夏が来て、冬が往くの映画専門家レビュー一覧

夏が来て、冬が往く

中国の海辺の町を舞台に、家の都合で養子に出された三女の心の軌跡と家族愛を描くヒューマンドラマ。実父の死をきっかけに生家を訪ねたチアニーは、自分には二人の姉と弟がいて、次女と自分が養女に出されていたことを知り、過ぎし日に想いをめぐらせる。日本の大学で映画製作を学んだ経験を持つ彭偉(ポン・ウェイ)監督による長編デビュー作。脚本制作や撮影は中国で、仕上げ作業は日本で行われた。
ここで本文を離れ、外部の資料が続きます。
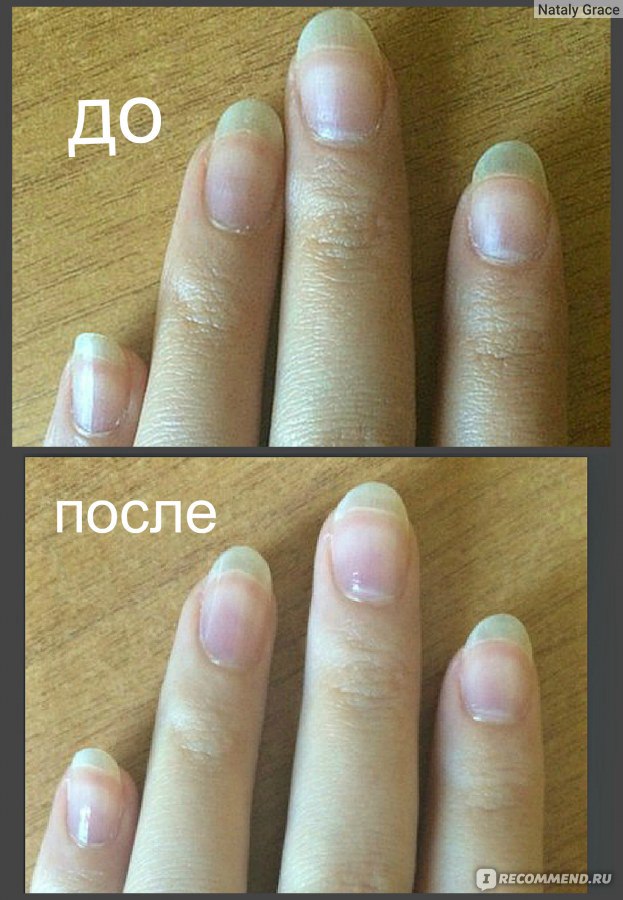 Как быстро отрастить ногти - ответов на форуме sauna-ernesto.ru ()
東京国際映画祭2023「東京・中国映画週間」新鋭監督賞受賞。
  • 俳優

    小川あん

    ドラマ的演出でプロットもありきたり。主人公の女性は恋人からのプロポーズに躊躇う。生き別れになっていた実父の死。隠されていた姉弟。人物描写が表面的で、展開が引き延ばされすぎていて、苦しい。自国の社会のひずみにスポットを当てるならば、これだけの重要なテーマを綺麗に収めてはいけないと思う。フレームに動きを加えるためだけにカメラがズームされている箇所が多くあったのも残念。完璧にすることを意識せず、作家性を探すところからトライしてみたほうが良かったのでは。

  • 翻訳者、映画批評

    篠儀直子

    演技のつけ方も話の運び方も、ところどころのカットつなぎも、もっさりした感じがしてどうにもなじめず、ついには作品のメインの主張を登場人物がそのまま口に出してしまうのでいよいよ頭を抱えてしまったのだが、風光明媚な地方都市をとらえた超ロングショットと、この土地特有の風習や儀式の描写が、作品の大きな魅力であるのは間違いない。また、これほど女子が歓迎されない社会にあって、女の子をふたりも引き取った主人公の養父はどんな人だったのか、それを思うと心を揺さぶられるものがある。

  • 編集者/東北芸術工科大学教授

    菅付雅信

    風光明媚な中国の海辺の街を舞台に、養子に出された女性が生家の家族と過ごす数日間のドラマ。大都市に生きる主人公と地方都市の対比、世代の対比などを織り込みながら、現在の中国的家族像を描く。話に大きなドラマ性があるわけではないので、映像力やモダンなセンスなどが問われる内容なのだが、デジタルカメラによるのっぺりとした映像と工夫のない展開で、あえて劇映画にする意図が見えず。撮影は中国で、仕上げ作業は日本でという中日共同作品だが、共同作業の利点が反映されていない。